The letter had been composed by an aspiring young journalist, Edward P. Mitchell, who used it as a platform to gain a job with that very paper.
Television
There was a claim that 'television' was invented in 1880. It was called a Diaphote. This revelation excited people all over the country.
Those who dared to dispute the existence of this diaphote were dismissed.
t wasn't until 1917 that "Dr. H.E. Licks" (Helix) , the erstwhile inventor, revealed
it was a complete hoax in a book he wrote.
For over thirty seven years, that hoax had survived.
Bathtub
During World War I, H.L. Mencken wrote a widely quoted authoritarian history of the Bathtub.
It was quoted, copied, used as an authority, accepted and treated as truth.

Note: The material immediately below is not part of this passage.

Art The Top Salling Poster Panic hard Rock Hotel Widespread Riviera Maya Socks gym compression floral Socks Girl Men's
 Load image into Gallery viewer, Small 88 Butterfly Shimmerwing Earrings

"The first bathtub in the United States was installed in Cincinnati
December 20, 1842, by Adam Thompson. It was made of mahogany
and lined with sheet lead."
"At a Christmas party he exhibited and explained it and four guests
later took a plunge. The next day the Cincinnati paper devoted
many columns to the new invention and it gave rise to violent controversy."
Mencken went on with his history up to Milliard Fillmore's installation of a Bathtub in the White House.
Nothing in Mencken's history of the bathtub was true.
It was all a joke.
Mencken later wrote,
"My motive was simply to have some harmless fun in war days."
In truth, his article was a deliberate hoax to test the gullibility of readers and other journalists.
The Capture of Belief
In the first example, that of John Newbegin, we can all chuckle. The name alone is a dead giveaway.
Yet, people so wanted to believe that the Spirit persisted after death they accepted the article as true. It was the age of the Séance, the age where people truly believed in ghosts and spirits, Ouija boards, and Mediums.
The aspiring journalist tapped into that well of interest and created a complete fiction.
To 'substantiate' his story he added a lot of details. He believed, and rightly so, that the more place names and people he quoted, the more events he mentioned would give his fiction that necessary 'truthfulness'.
In the second case, that of the Diaphote, a scientist, aware how ignorant people were, of even the most, (to him) mundane inventions. He believed he, could concoct a story. He was sure those who did not wish to seem unaware but fey with all manner of endeavour, would agree with his postulates and possibilities.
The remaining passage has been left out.